Meranto had wanted to create smaller-scale shows “because he didn’t know what the world was going to look like,” Shapiro says. His vision was a New Year’s Eve concert, the music of King and Taylor, and a live audience. But as the show was coming together, Meranto had to adapt the show to what the world looks like now. The New Year’s Eve concert for a live audience was not a reality.
Today’s reality is the three musicians playing in a singer-in-the-round style, socially distanced on a virtual stage, as the audience watches through the internet.
King, Taylor and Mitchell had been recording at the same time in 1971, in the same building, so it was natural that they would take the opportunity to harmonize on each others’ albums. Shapiro, Eide and Lewis take that opportunity as well in “You’ve Got a Friend.” They’ll tell the history of the songs, and how the three of them relate personally to the music.
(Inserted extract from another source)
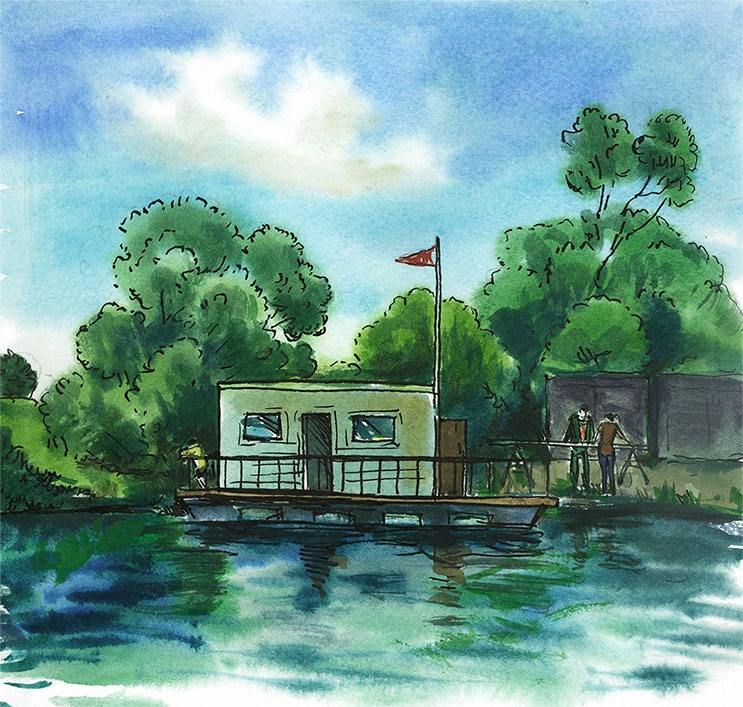 Иллюстрация к книге — Большое путешествие Димы. Книга вторая [i_004.jpg]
They’ve picked a few later songs by King, Taylor and Mitchell as well, to show the arc of the musicians’ development.
And then there’s that pairing one of the Laurel Canyon songs with one of their own.
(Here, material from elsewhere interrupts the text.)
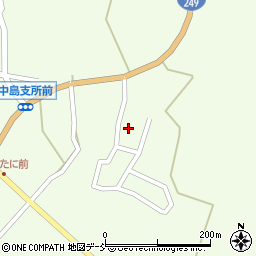 石川県七尾市中島町中島（ヌ）周辺の地図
Among the more than 4,000 songs Shapiro has written are 14 that were composed for her daughter mostly during the pregnancy. Shapiro has collected them in “Robin Egg Blue,” an album she’s posted on her website. Bare-bones guitar demos that may evolve into full-blown arrangements in the future. It is the final song of the collection, “Don’t Be Afraid” that Shapiro chose to match with Mitchell’s own song of loss.
“That was honestly very hard to get through, because I haven’t played any of those songs out yet, so I was proud of myself to be able to do it,” she says.
“I wrote it the day that I miscarried. And it’s about, it’s sort of about letting go and kind of like knowing …”
Shapiro pauses. “Ah, I’m going to tear up,” she says, and does just that as she continues to share the message behind the song. “Knowing that what’s coming,” she says haltingly, “knowing that what’s coming in the future, like things are ultimately going to be OK, and everything sort of happens, you can get through the hard things. It’s basically about getting through hard things, and knowing that every experience that you have is valuable, even if it’s short.”
Sadness passes, and makes room for hope.
“Actually, my husband and I are expecting our first,” Shapiro says. “And he’s healthy right now.”